We used mostly self-authored code, except for generating our plots. These were performed using Heejin's code, albeit heavily modified. Our tracking script read individual frames of movies, preprocessed them by applying a Gaussian filter, and returned trajectories of specified beads. Calibration data for our microscope stability resulted in a mean squared displacement (MSD) of about 57 nm2.

Cell Mean MSD (nm2)
Untreated 3T3 fibroblasts 3.87e5
Treated 3T3 fibroblasts 6.97e5

Results
The movie for one of our cyto D treated cells was unusable due to apparent apoptosis of the cell over the course of recording. Another clearly showed shifting of beads within the cells visualized and returned an enormous MSD.

No definitive conclusions can be drawn from our experimental data; untreated and treated cells do not differ appreciably, given the sample space. The MSD of the treated cells is skewed by one sample approximating a parabola, indicative of drift. Upon further review we determined that the beads embedded in the cell in question do in fact move closer together; no set of two beads gave satisfactory data.
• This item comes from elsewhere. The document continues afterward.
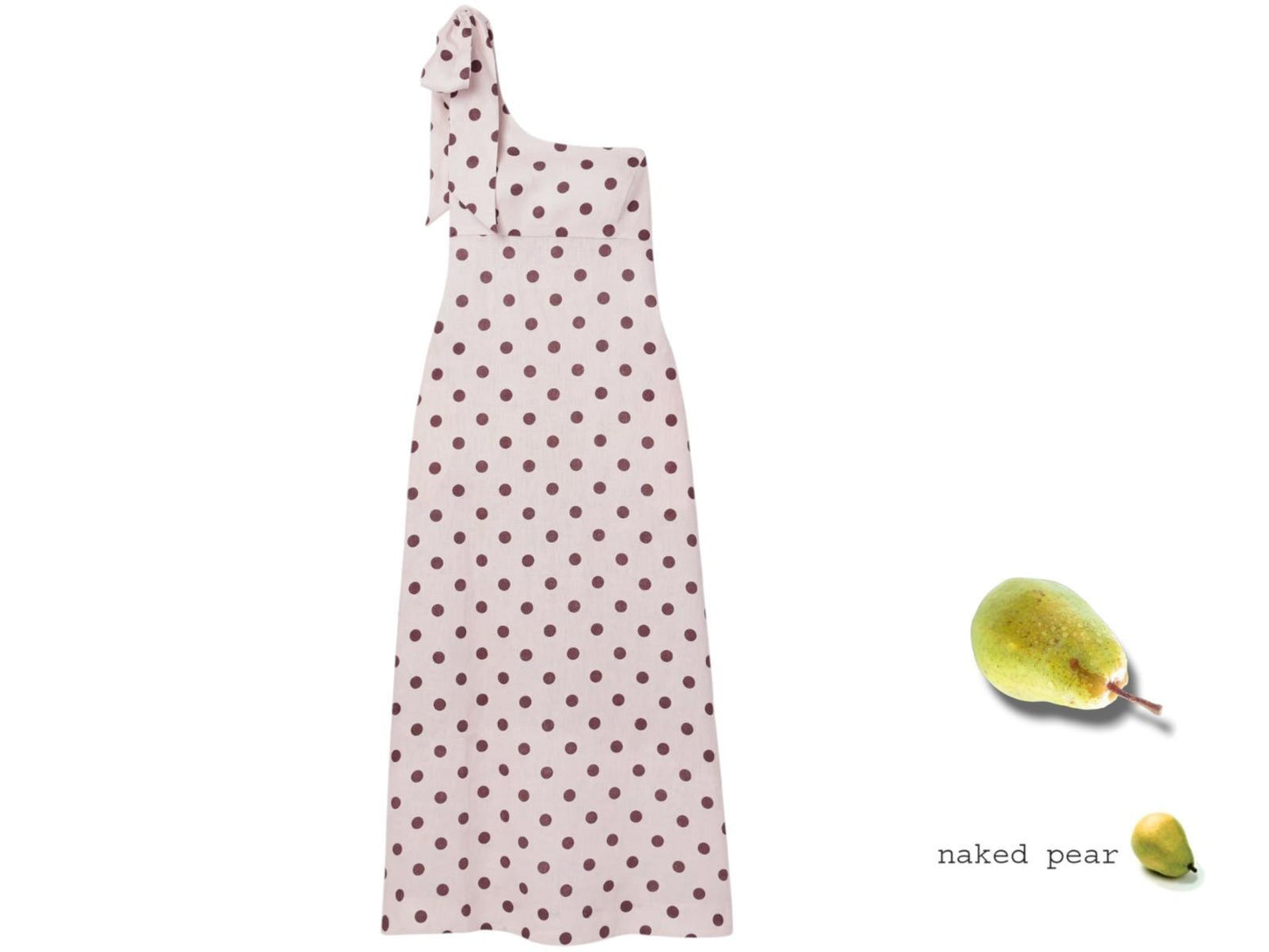 Zimmermann Acacia One Shoulder Midi Dress | Cream/Tan Polka Dot, Bow, Linen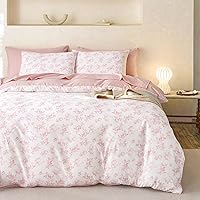 WakeInCloud Cottagecore Duvet Cover Set Queen Pink - Soft Floral Shabby Chic Coquette Bedding for Women Teens, 3-Piece Lightweight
Theoretically, as the shear modulus G is a linear function of shear stress, we might have expected to see lower complex shear moduli in our treated 3T3 cells. As the cytochalasin inhibited actin polymerization and cytoskeletal rearrangement, it is possible that existing actin filaments could continue to depolymerize, thus resulting in reduced integrity of the cell.

Discussion

We fully regret using preprocessing in our tracker code. Obtaining trajectories accounted for an estimated twelve hours in lab just waiting for scripts to finish. Estimates for single movie calculations run around forty minutes. The authors might have saved six or eight hours by simply disregarding the Gaussian filter.

Assembly of our microscope would have been impossible without the assistance of Jae Won. Countless times, we misaligned a mirror, or failed to properly collimate light emerging from our objective, and Jae Won always helped us correct the problem. We also wish to thank Steve because otherwise we would still be running our scripts right now.